# [Exercise goal]
Reproduce the lines below exactly, from the one containing "XBody Leather ‼️" through the one containing "Building Photo - 3703 Tower View Ct", both included. Leave out any pictures.

# [Records for this task]
===
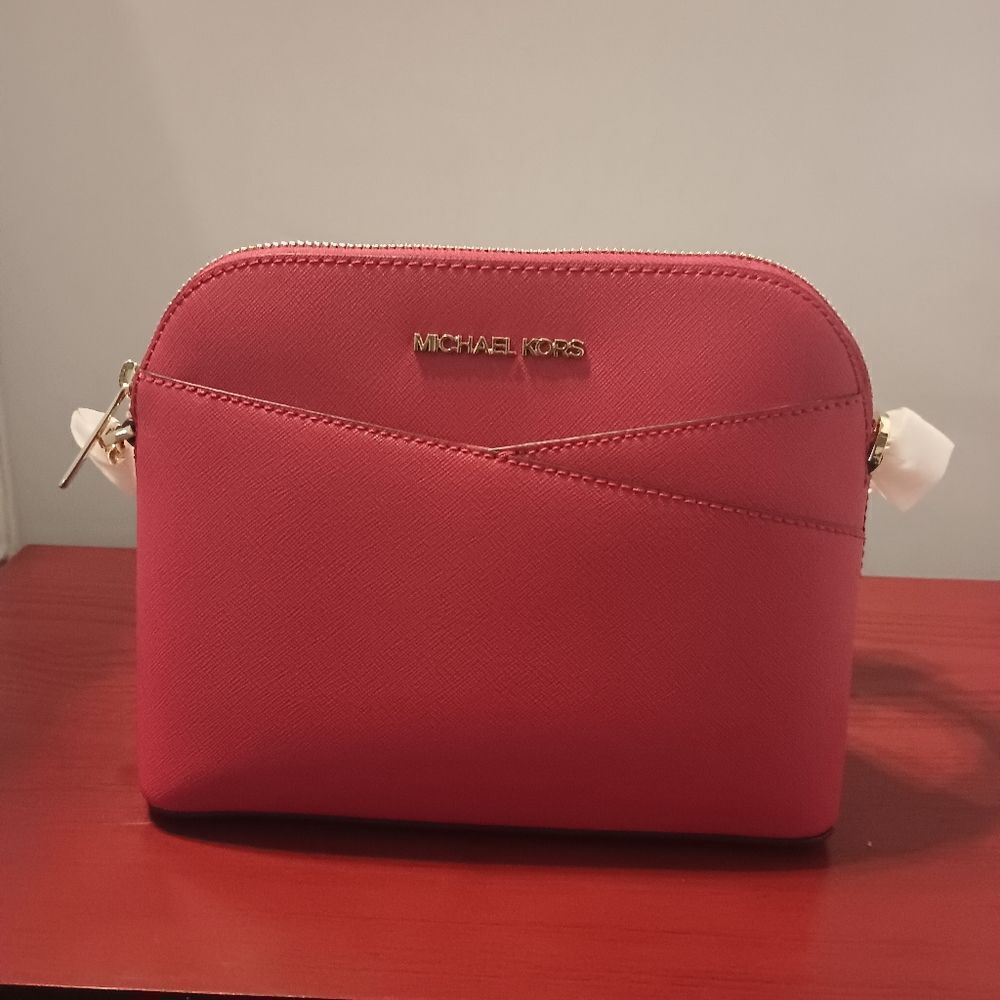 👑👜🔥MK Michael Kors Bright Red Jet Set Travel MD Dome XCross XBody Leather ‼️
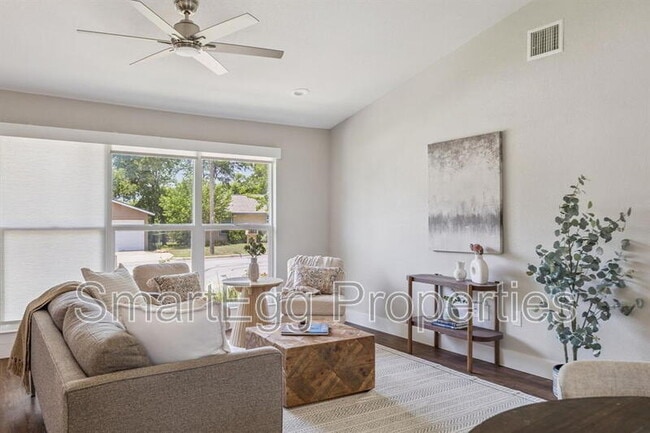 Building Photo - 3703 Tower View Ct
===
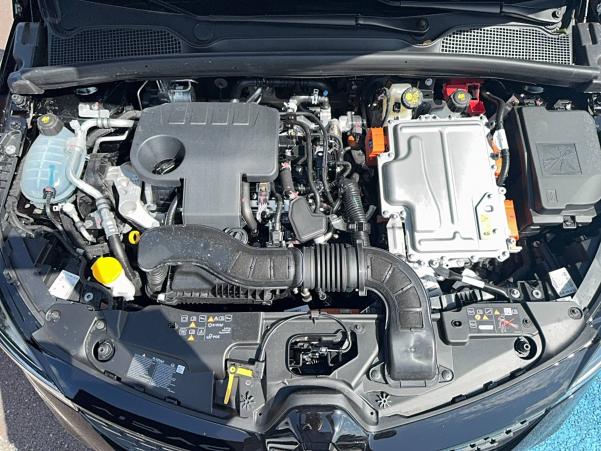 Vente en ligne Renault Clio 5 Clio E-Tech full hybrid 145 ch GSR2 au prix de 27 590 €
===
# [Reply]
 👑👜🔥MK Michael Kors Bright Red Jet Set Travel MD Dome XCross XBody Leather ‼️
 Building Photo - 3703 Tower View Ct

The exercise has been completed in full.